How I will treat my next patient

Enzalutamide in castration-sensitive prostate cancer and ctDNA to monitor early colorectal cancer


 

In this edition of “How I will treat my next patient,” I take a look at two recent trials – a late-breaking abstract presented at the annual meeting of the American Urological Association on the value of enzalutamide in hormone-sensitive metastatic prostate cancer (mHSPC) patients and a recent publication in JAMA Oncology about the potential for circulating tumor DNA (ctDNA) testing to inform our management of early stage colorectal cancer (CRC).

ARCHES trial

Dr. Alan P. Lyss, an oncologist who practices in St. Louis

Dr. Alan P. Lyss

The ARCHES trial was reported as a late-breaking abstract at AUA 2019. ARCHES was a double-blind, placebo-controlled trial in 1,150 men with mHSPC. Patients were required to have been free from radiographic disease progression or a rising prostate-specific antigen (PSA) level for at least 3 months on androgen deprivation therapy (ADT) or at least 6 months after prior docetaxel chemotherapy.

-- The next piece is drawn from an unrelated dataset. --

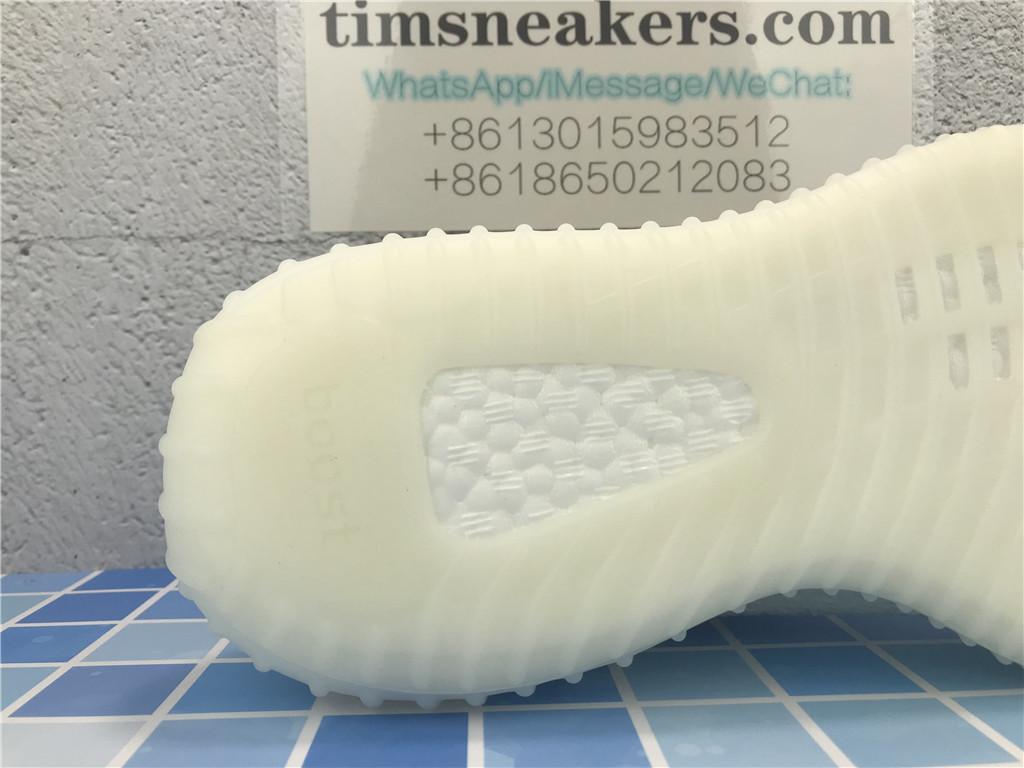 Yeezy Boost 350 V2 Cream White Triple White - CP9366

Patients were randomly assigned to receive either ADT plus enzalutamide (an androgen receptor signaling inhibitor) or ADT plus placebo. The coprimary endpoints of the trial were radiographic progression-free survival (rPFS) and death within 24 weeks.

ADT plus enzalutamide had dramatically better PSA-related endpoints (as expected) and produced significantly better rPFS (median PFS, not reached versus 19.5 months; 61% relative prolongation of rPFS) than placebo plus ADT.

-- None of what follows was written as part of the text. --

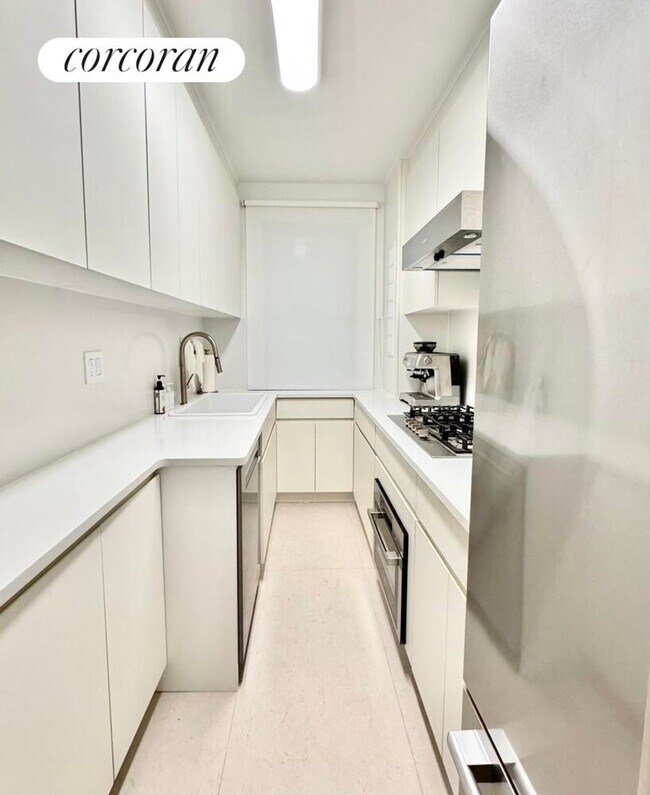 Foto del edificio - 308 W 30th St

Overall survival data were unreported and may be confounded by all patients being offered enzalutamide at progression. Despite the known adverse effects of enzalutamide from prior studies, enzalutamide-related adverse effects in ARCHES were no worse than placebo (about 85% in both study arms). Formal quality-of-life analyses are yet to be reported.

What this means in practice

It is no surprise that enzalutamide, a potent drug in castration-resistant prostate cancer, would beat placebo. It joins docetaxel and abiraterone in helping to delay the time until castration-resistant disease develops – a meaningful goal. The authors commented that baseline PSA level did not predict benefit from enzalutamide – again, no surprise given that other published trials have suggested that baseline PSA is more likely prognostic than predictive.

It is always prudent to wait for a formal manuscript, but this abstract suggests that men with mHSPC have yet another option for treatment with modest toxicity and broad applicability in practice.

ctDNA in early colorectal cancer

In JAMA Oncology, Yuxuan Wang, MD, PhD, and colleagues summarized their experience with 58 patients with stages I-III colorectal cancer (CRC) who had curative-intent surgical resection at four Swedish hospitals.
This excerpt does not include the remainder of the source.